Aligning leaders’ visions of literacy instruction. Inviting teachers to shift their instruction did not happen without some resistance. Teachers surfaced and understood the changes that they needed to make but were still hesitant to enact some of those changes because they were afraid that their principals and campus coaches would not understand the instructional shifts when they came to observe teachers’ instruction. We learned to mediate this fear by engaging school and district leaders in conversation about the instructional changes that teachers worked on, and what leaders should expect to hear and see as they walked classrooms. We learned that we needed to be more transparent with teachers about how we were working to support them through our work with school and district leadership if we wanted teachers to feel comfortable

enacting change. By engaging school and district leaders in the tests of change teachers were undertaking and by walking classrooms with leadership, we were able to help leaders align their vision of instruction to the vision created in the network

Adaptive Integration

Working in a large district means being able to adapt (and adapt quickly and frequently!) to district initiatives. We learned that this meant supporting teachers to make sense of how the work of the network supports and aligns to these initiatives. We did not want teachers to think of the network as, “something else that I have to do…” or “now I need to find a day to do my IFL work.” The NSI goal is to frame the instructional shifts as tools in teachers’ toolkits that help them effectively work with and enact the programs and initiatives happening in the district and at their schools.

In our first years, adaptive integration also meant creating safe spaces in network meetings where teachers could share and learn from their adaptations to the NSI teaching approaches. The NSI teachers taught us how to adapt and integrate the NSI teaching approaches to new and already existing district efforts. We asked our teacher teams how they could adapt the NSI approaches to support district mandates for test preparation, for example, and for the changing ELA curriculum. They showed us the continued adaptations, not only for their students and district policies, but also for other district efforts.
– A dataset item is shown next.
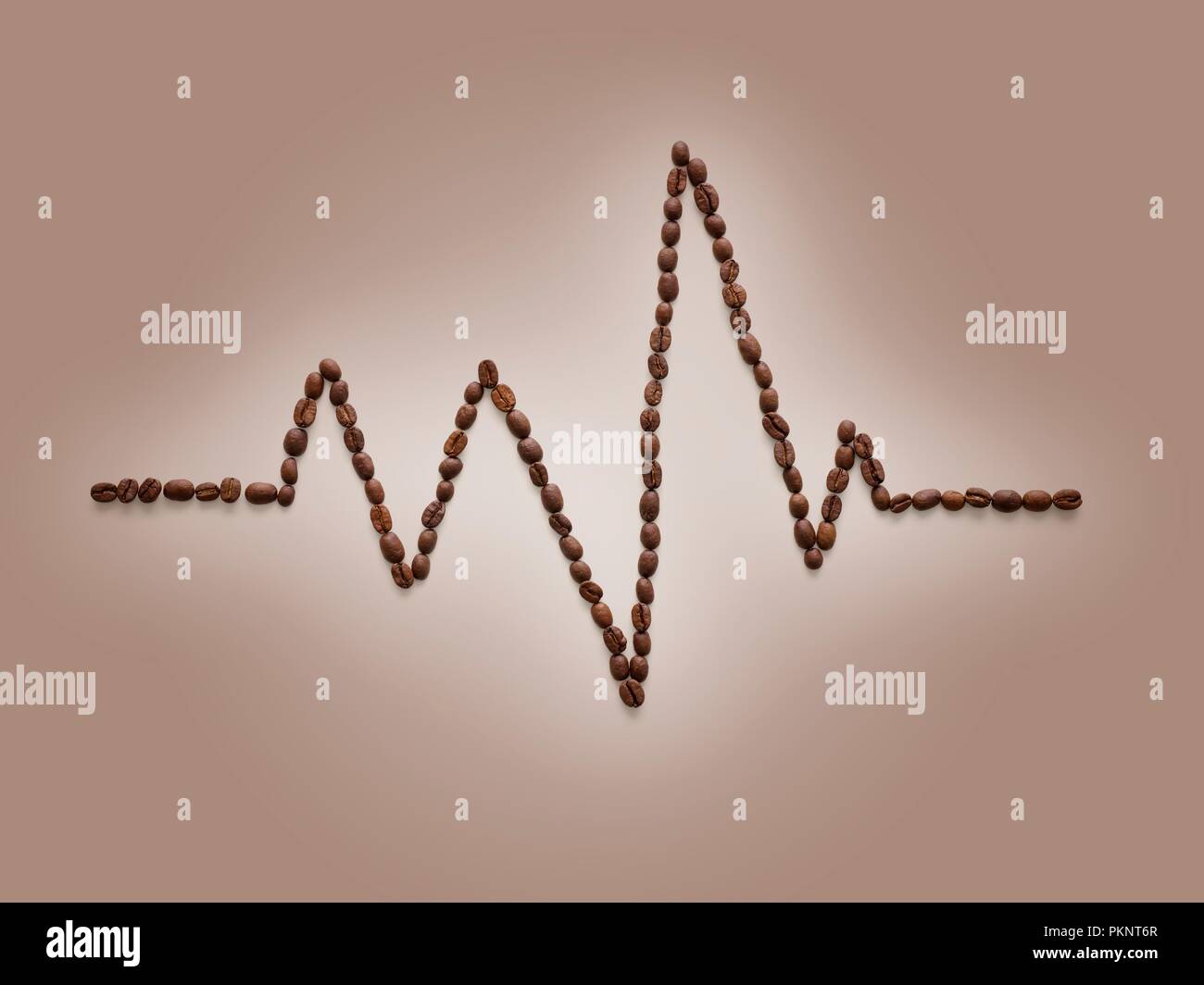 Coffee beans making an electrocardiogram line. Stock Photo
They adapted the NSI Instructional Model to support the Achievement in the Middle (AIM) initiative, the Assessment for Learning (AFL) Project for making learning visible with students, the International Baccalaureate, and the Advancement Via Individual Determination (AVID) Program.

In addition to learning from network teachers, we worked the following ways with initiative leaders to gain support of the integration of NSI into each initiative:

    • Took time to learn – learn about the initiatives happening at network schools and studying the resources for those initiatives (i.e., frameworks, curricular materials, protocols).
    • Formed relationships with key district personnel leading the initiative efforts.
    • Talked with leaders about how the NSI work could support success of their initiative.
    • Shared the teacher developed methods for integrating the NSI work into each initiative with initiative leaders.
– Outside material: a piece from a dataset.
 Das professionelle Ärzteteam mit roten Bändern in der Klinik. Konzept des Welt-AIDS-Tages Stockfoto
Invited initiative leaders to come and talk with teachers at network convenings to show their support and talk about the relationship between the NSI practices and the various initiatives

IFL improvement chart

We’ve Improved Too

Through our work with Dallas ISD, we’ve learned deep lessons about the importance of helping teachers and school and district leaders develop a rounded picture of the problems of practice at their schools prior to engaging in any sort of professional learning. This, in turn, has led the IFL to structure our professional development around the problems of practice rooted in the artifacts of learning and data shared by the teachers engaged in professional learning. We are taking these lessons and developing a new series of professional development that includes wrap around support for teachers and district leaders to form a network, study literacy problems of practice in their own contexts, adapt instructional change packages for their students, and study data to understand the impact instructional change is having on student learning.